You can't afford to compute the distance between every pair of cities. Instead, you need to put your cities in a space-partitioning data structure for which you can make fast nearest-neighbour queries. SciPy comes with a kd-tree implementation, scipy.spatial.KDTree, that is suitable for this application.

There are two difficulties here. First, scipy.spatial.KDTree uses Euclidean distance between points, but you want to use the great circle distance along the surface of the Earth. Second, longitude wraps around, so that nearest neighbours might have longitudes that differ by 360°. Both problems can be solved if you take the following approach:

1. Convert your locations from geodetic coordinates (latitude, longitude) to ECEF (Earth-Centered, Earth-Fixed) coordinates (x, y, z).

2. Put these ECEF coordinates into the scipy.spatial.KDTree.

3. Convert your great circle distance (for example, 30 km) into a Euclidean distance.

4. Call scipy.spatial.KDTree.query_ball_point to get the cities within range.

Here's some example code to illustrate this approach.
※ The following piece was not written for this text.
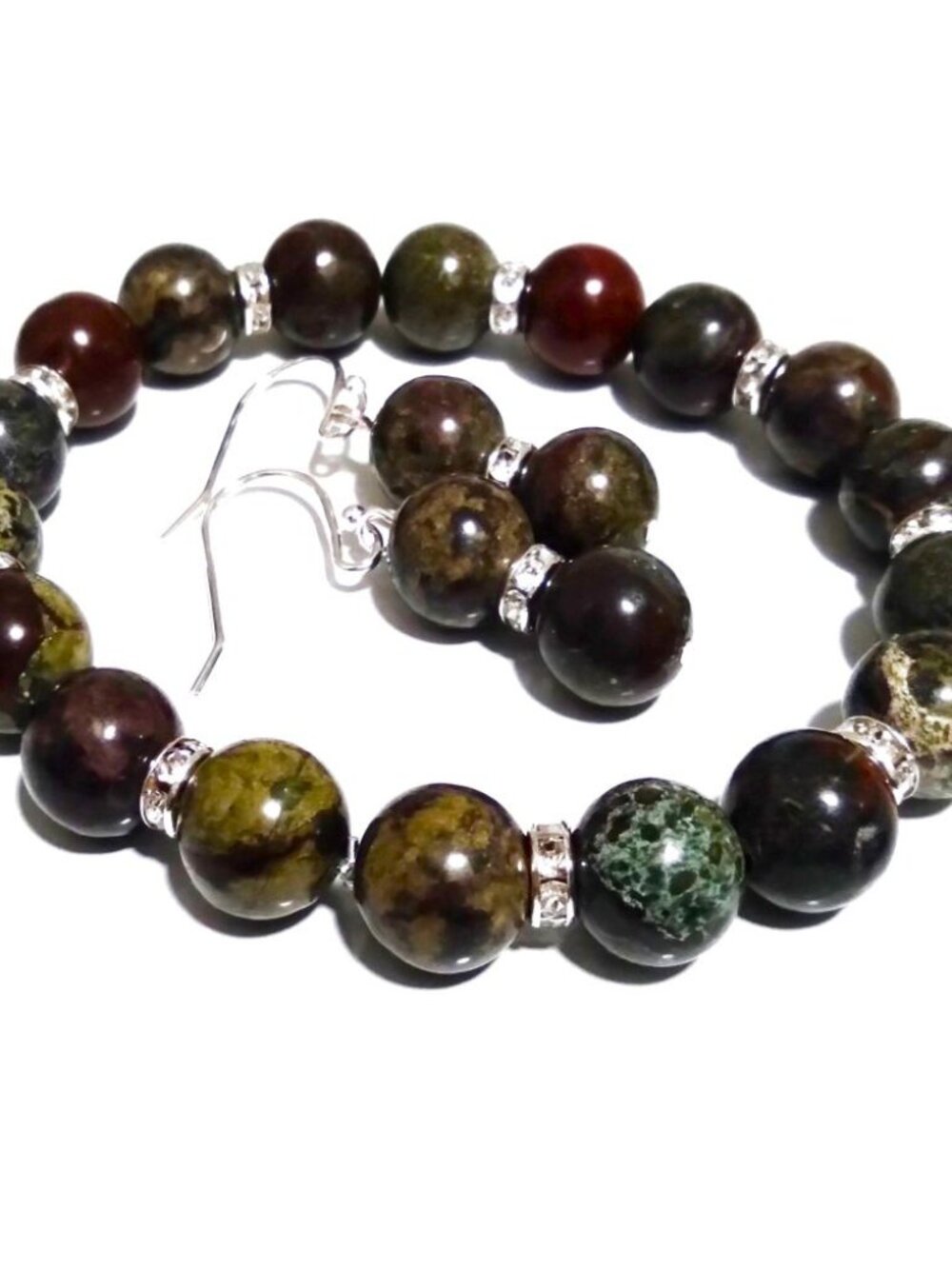 Handcrafted Dragon Blood Stretch Bracelet & Matching Earrings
The function geodetic2ecef comes from PySatel by David Parunakian and is licensed under the GPL.

from math import radians, cos, sin, sqrt

# Constants defined by the World Geodetic System 1984 (WGS84)
A = 6378.137
B = 6356.7523142
ESQ = 6.69437999014 * 0.001

def geodetic2ecef(lat, lon, alt=0):
    """Convert geodetic coordinates to ECEF."""
    lat, lon = radians(lat), radians(lon)
    xi = sqrt(1 - ESQ * sin(lat))
    x = (A / xi + alt) * cos(lat) * cos(lon)
    y = (A / xi + alt) * cos(lat) * sin(lon)
    z = (A / xi * (1 - ESQ) + alt) * sin(lat)
    return x, y, z

def euclidean_distance(distance):
    """Return the approximate Euclidean distance corresponding to the
    given great circle distance (in km).

    """
    return 2 * A * sin(distance / (2 * B))
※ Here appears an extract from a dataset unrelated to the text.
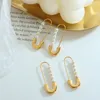 Boucles d'oreilles épingle de sûreté, Imitation perle, cerceau perlé en acier inoxydable, trombone, bijoux pour femmes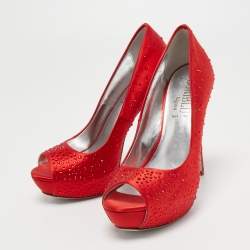 Pre Owned Loriblu Red Crystal Embellished Satin Peep Toe Pumps Size 38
Let's make up fifty thousand random city locations and convert them to ECEF coordinates:

>>> from random import uniform
>>> cities = [(uniform(-90, 90), uniform(0, 360)) for _ in range(50000)]
>>> ecef_cities = [geodetic2ecef(lat, lon) for lat, lon in cities]

Put them into a scipy.spatial.KDTree:

>>> import numpy
>>> from scipy.spatial import KDTree
>>> tree = KDTree(numpy.array(ecef_cities))

Find all cities within about 100 km of London:

>>> london = geodetic2ecef(51, 0)
>>> tree.query_ball_point([london], r=euclidean_distance(100))
array([[37810, 15755, 16276]], dtype=object)

This array contains, for each point that you queried, an array the cities within the distance r. Each neighbour is given as its index in the original array that you passed to KDTree. So there are three cities within about 100 km of London, namely the cities with indexes 37810, 15755, and 16276 in the original list:

>>> from pprint import pprint
>>> pprint([cities[i] for i in [37810, 15755, 16276]])
[(51.7186871990946, 359.8043453670437),
 (50.82734317063884, 1.1422052710187103),
 (50.95466110717763, 0.8956257749604779)]

Notes:

1. You can see from the example output that neighbours with longitudes that differ by about 360° are correctly discovered.

2. The approach seems fast enough. Here we find neighbours within 30 km for the first thousand cities, taking about 5 seconds:

   >>> from timeit import timeit
   >>> timeit(lambda:tree.query_ball_point(ecef_cities[:1000], r=euclidean_distance(30)), number=1)
   5.013611573027447
   

   Extrapolating, we expect to find neighbours within 30 km for all 50,000 cities in about four minutes.

3. My euclidean_distance function overestimates the Euclidean distance corresponding to a given great circle distance (so as not to miss any cities). This might be good enough for some applications—after all, cities are not point objects—but if you need more accuracy than this, then you could filter the resulting points using, say, one of the great circle distance functions from geopy.